### EXERCISE OBJECTIVE
Look below for the line with "Peinture sur soie chinoise (46 x 34cm)" and the line with "A travel journal"; repeat exactly those two lines and all lines between them, but no pictures.

### DATA SUPPLIED
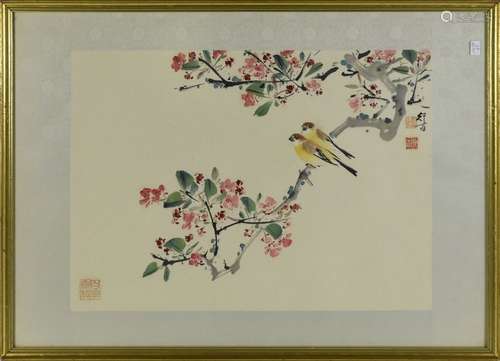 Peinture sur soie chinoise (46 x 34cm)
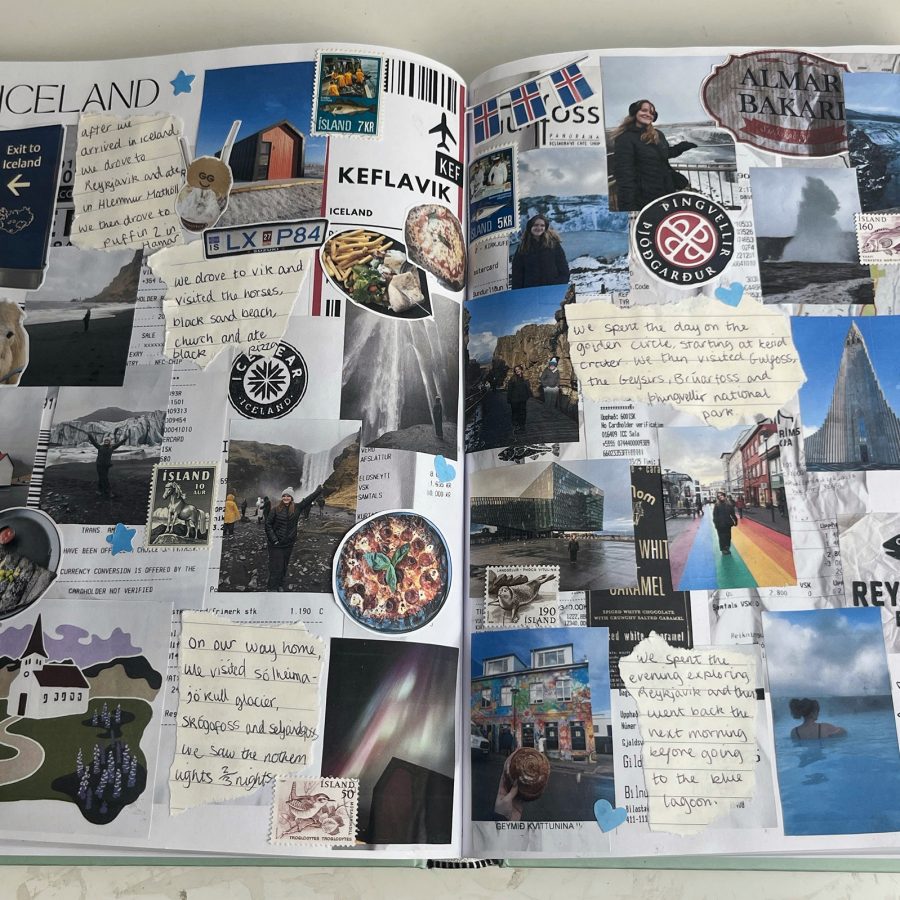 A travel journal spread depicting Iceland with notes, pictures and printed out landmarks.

---

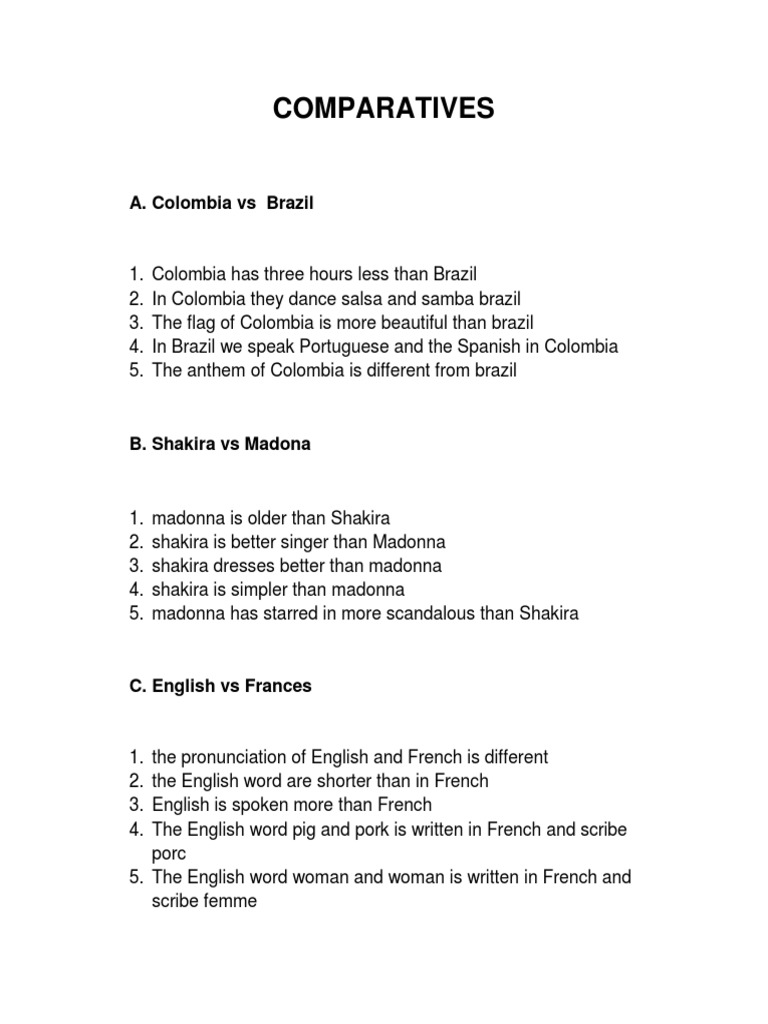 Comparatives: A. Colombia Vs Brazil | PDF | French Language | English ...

...

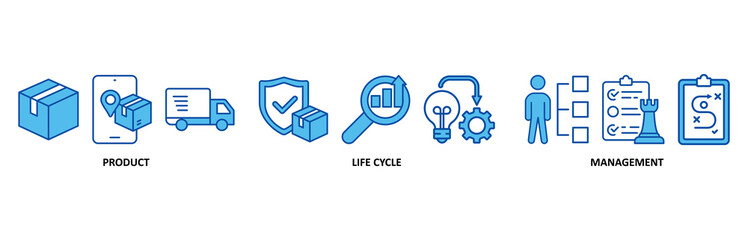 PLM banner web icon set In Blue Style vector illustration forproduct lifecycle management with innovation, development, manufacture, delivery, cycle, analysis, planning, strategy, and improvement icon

### EXERCISE RESPONSE
 Peinture sur soie chinoise (46 x 34cm)
 A travel journal spread depicting Iceland with notes, pictures and printed out landmarks.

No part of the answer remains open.